### WHAT IS REQUIRED
The material below is to be copied exactly from the line with "Let's begin with" up to and including the line with "Good morning, everyone.", with nothing else kept and no pictures.

### AVAILABLE RECORDS
⟨

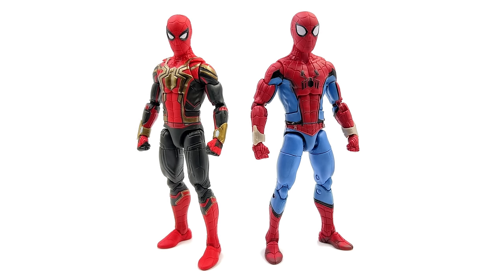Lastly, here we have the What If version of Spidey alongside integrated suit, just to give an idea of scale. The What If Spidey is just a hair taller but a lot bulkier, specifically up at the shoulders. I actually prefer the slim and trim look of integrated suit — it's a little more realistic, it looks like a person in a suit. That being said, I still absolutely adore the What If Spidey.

⟩
⟨

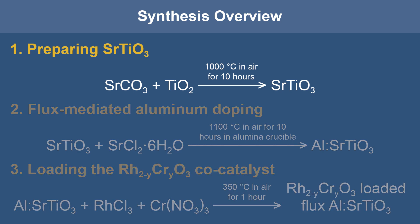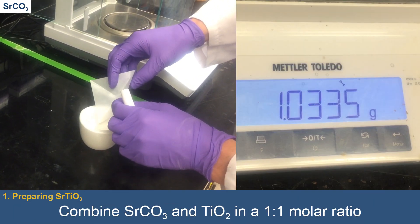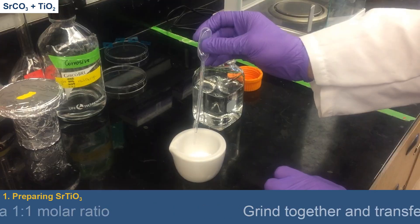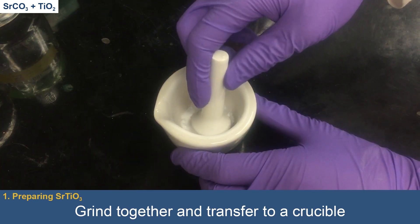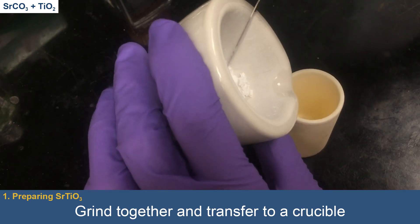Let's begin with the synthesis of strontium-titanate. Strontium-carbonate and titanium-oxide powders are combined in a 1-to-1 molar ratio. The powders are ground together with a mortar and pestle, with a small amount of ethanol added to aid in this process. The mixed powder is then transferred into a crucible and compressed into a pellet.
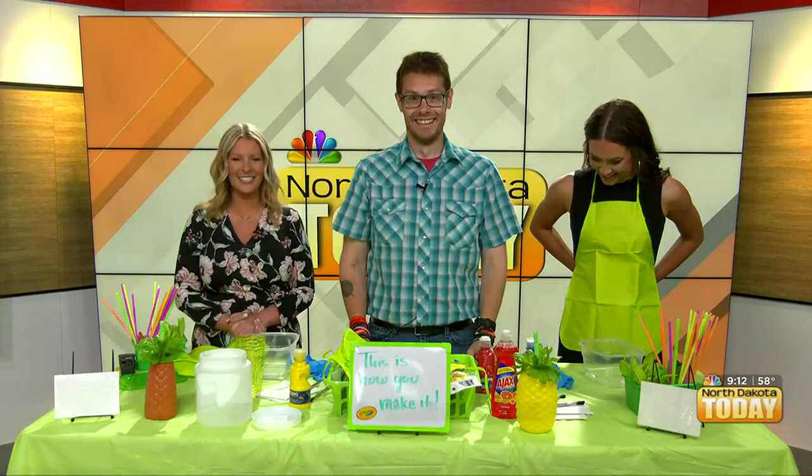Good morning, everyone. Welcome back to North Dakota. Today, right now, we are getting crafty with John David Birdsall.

⟩

### OUTPUT
Let's begin with the synthesis of strontium-titanate. Strontium-carbonate and titanium-oxide powders are combined in a 1-to-1 molar ratio. The powders are ground together with a mortar and pestle, with a small amount of ethanol added to aid in this process. The mixed powder is then transferred into a crucible and compressed into a pellet.
Good morning, everyone. Welcome back to North Dakota. Today, right now, we are getting crafty with John David Birdsall.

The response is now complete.